◆ WHAT THE TASK REQUIRES ◆
Omitting all pictures, retype the entries below exactly as given.

━━━━━ DATA SUPPLIED

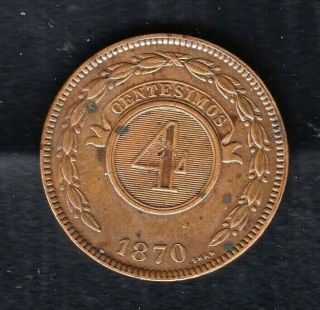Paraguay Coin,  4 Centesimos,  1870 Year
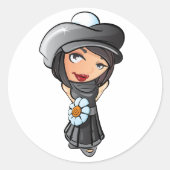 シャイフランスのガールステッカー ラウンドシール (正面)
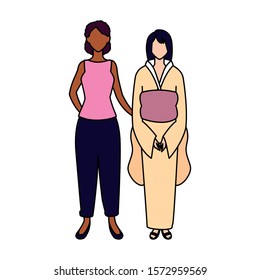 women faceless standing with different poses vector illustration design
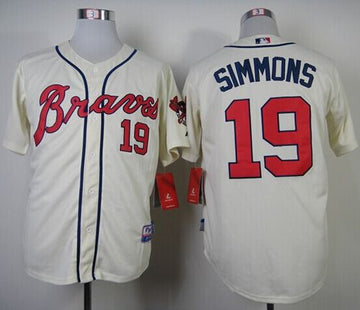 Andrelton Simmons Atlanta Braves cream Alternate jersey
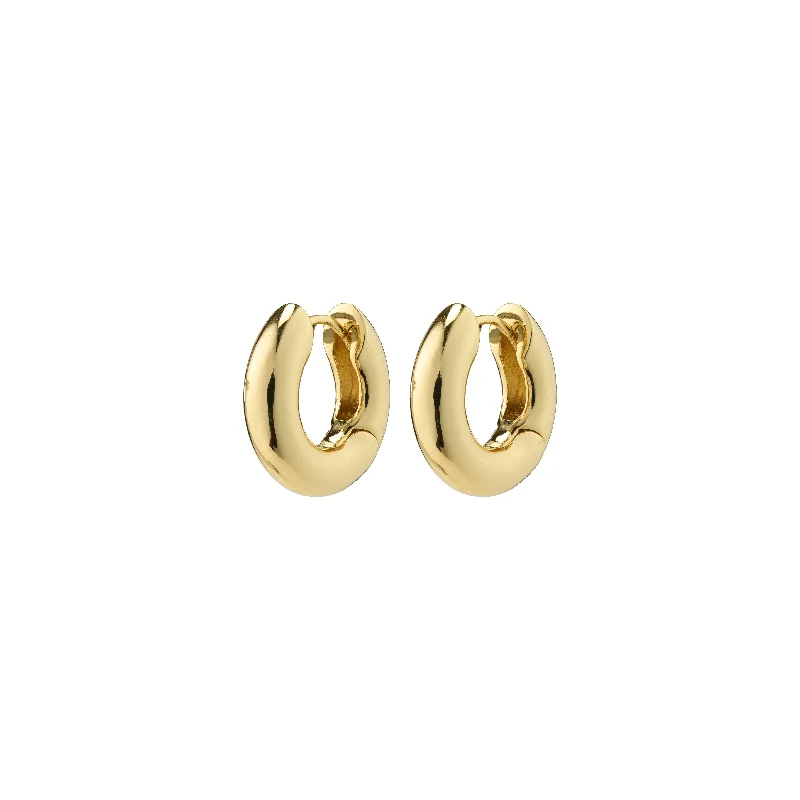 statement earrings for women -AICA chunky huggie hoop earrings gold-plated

━━━━━━━━━━

◆ RESPONSE TO THE EXERCISE ◆
Paraguay Coin,  4 Centesimos,  1870 Year
 シャイフランスのガールステッカー ラウンドシール (正面)
 women faceless standing with different poses vector illustration design
 Andrelton Simmons Atlanta Braves cream Alternate jersey
 statement earrings for women -AICA chunky huggie hoop earrings gold-plated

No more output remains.